The Business Times

Pound volatility gauge climbs as traders brace for BOE rate cut

Published Thu, Aug 4, 2016 · 07:29 AM

[LONDON] A measure of overnight potential price swings for the pound against the dollar approached the highest closing level since Britain voted to leave the European Union in June as traders braced for the Bank of England's policy decision Thursday, which most economists forecast will bring the first interest-rate cut in seven years.

Sterling fell versus all but one of its 16 major peers as swaps pricing showed a 100 per cent chance of a rate cut. While all except two of 52 analysts in a Bloomberg survey forecast a reduction, there are a suite of other measures, including an expansion of its bond-purchase program, which the BOE may adopt to tackle a Brexit-induced fallout which are more difficult to predict.

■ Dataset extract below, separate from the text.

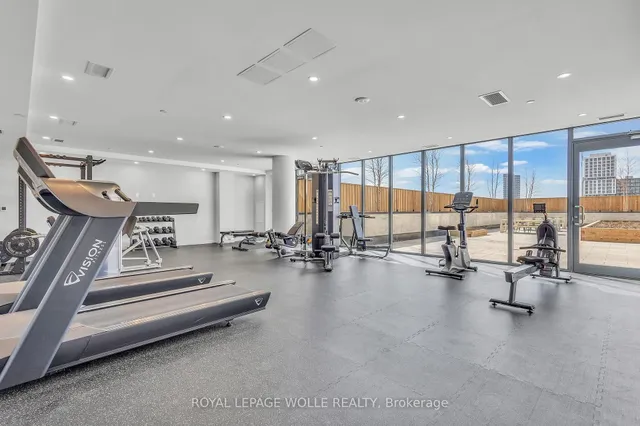 Additional image 38 of 859 The Queensway N/A Unit 412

Some economists said they would not rule out the possibility that the BOE will keep its powder dry at this meeting, as it did in July, while awaiting a clearer economic picture.

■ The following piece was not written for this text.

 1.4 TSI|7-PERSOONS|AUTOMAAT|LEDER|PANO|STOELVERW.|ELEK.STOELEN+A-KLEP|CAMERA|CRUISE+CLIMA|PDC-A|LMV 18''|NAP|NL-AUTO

"There is quite a lot of speculation regarding what the BOE might do today, so the short-term volatility is to be expected," said Mark Dowding, a London-based partner and money manager at BlueBay Asset Management LLP.

"We doubt the BOE would be opposed to the idea of the pound falling further as it would support the growth outlook, which is deteriorating markedly. We see the pound falling to US$1.20 or lower by the end of the year."

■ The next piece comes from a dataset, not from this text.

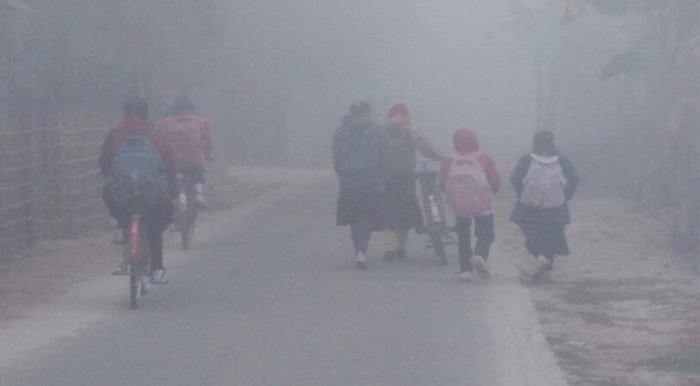 রাজশাহীতে তীব্র শীত: বন্ধ সব প্রাথমিক ও মাধ্যমিক বিদ্যালয়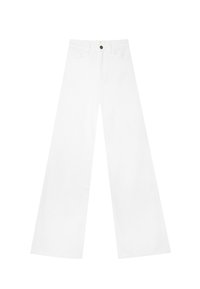 Jean blanc à jambes larges en denim, avec une fermeture à bouton, des poches standard et une coupe droite au toucher lisse.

Sterling fell 0.3 per cent to US$1.3287 as of 7:41 am in London. It dropped to a 31-year low of US$1.2798 on July 6.

The UK currency weakened 0.2 per cent to 83.85 pence per euro.

Overnight implied volatility for the pound versus the dollar, a measure of anticipated price swings based on options, was at 31 per cent, data compiled by Bloomberg show. It touched the highest level on record on June 23, the day of Britain's EU referendum, and spiked again before the BOE's July meeting, its first since the historic vote.

The pound has been the biggest loser versus the dollar among major currencies since Britain voted to leave the world's biggest trading bloc. The Bloomberg Pound Index, which measures the currency against its major peers, has fallen almost 11 per cent since the referendum.

Recent economic data suggested Britain's decision to leave the EU is taking its toll on business confidence and that's further supported by a report Wednesday that confirmed UK services shrank last month at the fastest pace in seven years.

Swaps pricing showed a 100 per cent chance of a rate cut by the BOE Thursday, compared with about 15 per cent before the vote.

"I expect a 25 basis-point rate cut and £100 billion" in QE, said Richard Benson, managing director and co-head of portfolio investment at Millennium Global Investments in London.

"However, it is very popular to be fading the BOE and buy the pound. I do not think it's the correct trade. The post-Brexit depreciation of around 10 per cent seems too little to me."